DB2 Instances per AIX LPAR – Best Practices for Balance

best practicesdb2instance

I have a question that has been bugging me, but I just don't know how to validate it. We run DB2 LUW on AIX in our shop. Our AIX is currently at 7.1. Our DB2 is at 9.7 FP 4 for most installations and 10.5 FP 2 for our newest databases. We even have mixed installations (ie, 9.7 and 10.5) on the same "boxes".

Our boxes are LPARs of course, given to us by our AIX admins. The AIX admins are also our storage admins and so all disk is SAN. There is not much physical about our database servers.

What has been bugging me is what is the correct balance of DB2 instances per LPAR? I have started to see some strange behavior regarding DB2 auto-configuring itself. On one DEV LPAR we have the following configurations:

Do note that the following is true for all instances: HEALTH_MON is set to OFF, and AUTO_MAINT is set to OFF for every database. We do allow Self-Tuning Memory Manager (STMM) to be on by default with all necessary parameters set for that (ie, zeros or AUTOMATIC in the correct parameters, the default that DB2 provids…). If we build an OLTP database then we set instance parm MAX_QUERYDEGREE to 1 and leave INTRA_PARALLEL to NO and db parm DFT_DEGREE to 1. If we build an OLAP database (separate instance) we set instance parm MAX_QUERYDEGREE to ANY and INTRA_PARALLEL to YES and the db parm DFT_DEGREE to ANY. We also do not try to mix OLAP and OLTP databases in the same instance, though part of the question is whether to mix the instances on the same LPAR…..

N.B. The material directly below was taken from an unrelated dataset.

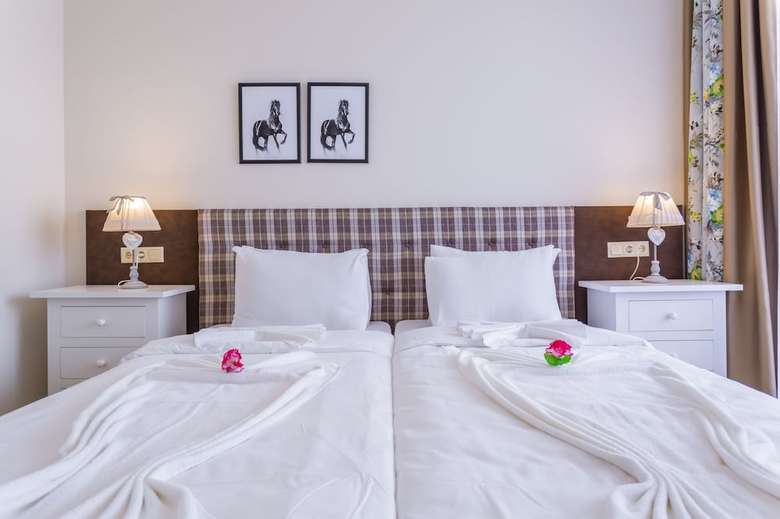 Gardenia Beach Palace Aparthotel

Here is what we have on one DEV LPAR:

  1. First instance is 9.7. Contains some OLAP databases, though they are very small since they are used for testing out DDL changes.
  2. Second instance is 9.7. Contains an OLAP database "playground" for developers. (This one is supposed to be retired the first chance we get.)
  3. Third instance is 10.5. Contains the official DEV version of that playground database from instance 2.
  4. Fourth instance is 10.5. OLTP database with a home grown metadata dictionary.
  5. Fifth instance is 10.5. OLTP database that is used for lookup data.
  6. Sixth instance is 10.5. ODS database (unsure if this is OLTP or OLAP….) for developers to tie data from two transactional systems.

Now disk isn't the biggest issue as that is handled by the SAN. And even memory and CPU are virtuallized by nature of this being an LPAR. But I have seen some strange stuff with the memory.

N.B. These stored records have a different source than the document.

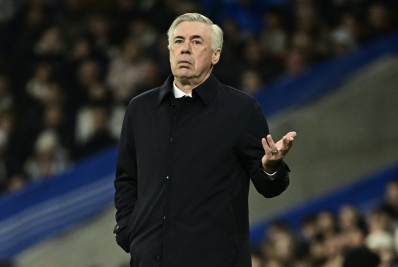 Alvo da seleção brasileira, Ancelotti é questionado por ex-craque italiano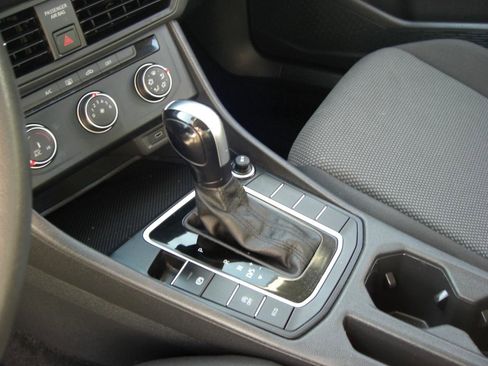 Used 2020 Volkswagen Jetta S w/ Driver Assistance Package FWD image 6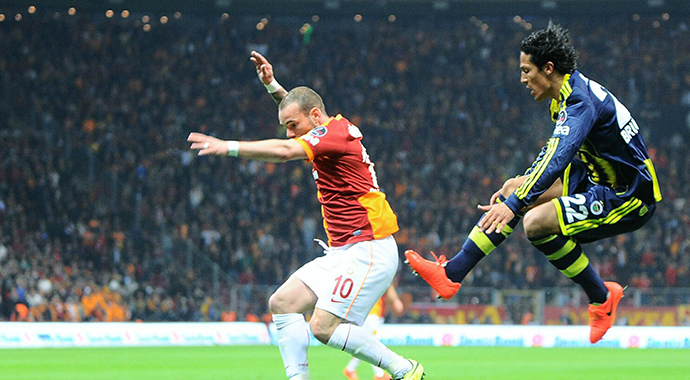 Bruno Alves'in aynı hareketi Sneijder'a da yaptığı ortaya çıktı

The one OLAP database (both the playground and the official DEV) are rather large. The developers are testing ETL'ing in large volumes of data and estimating size for their official request for QAT and PROD buildouts. Ever since one of these has started to grow, I've noticed that new instance buildouts and new database buildouts now have STMM turned off by default. I can manually turn it back on, but the point being I find this disturbing. Whether or not STMM is enabled by default is decided by DB2 at creation time based on system resources. So, to me, this is saying DB2 does not feel it has adequate resources for auto management, so it is trying to cap memory in hopes of it gains at least that much. (My guess on that.)

When I discuss this with the AIX admins, they don't seem to think memory and CPU is an issue. They say we aren't really fulling utilizing what we could be, so in their mind (and I'm saying this very loosely) we could put all our dev instances on the same LPAR. Or similar for other environments. Again, that is loose, because they understand the point of separation for HA and DR scenarios.

Anyway that leaves me wondering, are their any pointers or guidelines between knowing when you can add instances to an LPAR or when you should split to other LPARs? I'm sure the answer is "it depends", but I'm looking for any approximations or guidelines? Especially if those differ along the lines of OLTP and OLAP.

Best Answer

You won't get any specific answer to this question, because as you observed, it depends.

The answer depends on your company's tolerance for having one DB2 instance adversely impact the performance of another's. You may be able to control or limit this impact if your AIX admins are willing to learn and set up WLM policies at the operating system level (not DB2 WLM).

This is really a question of capacity management. Understanding the workloads in your environment is key here, and being able to identify (or predict) when you'll run into limits will influence your decisions about how many instance(s) to put on a single server.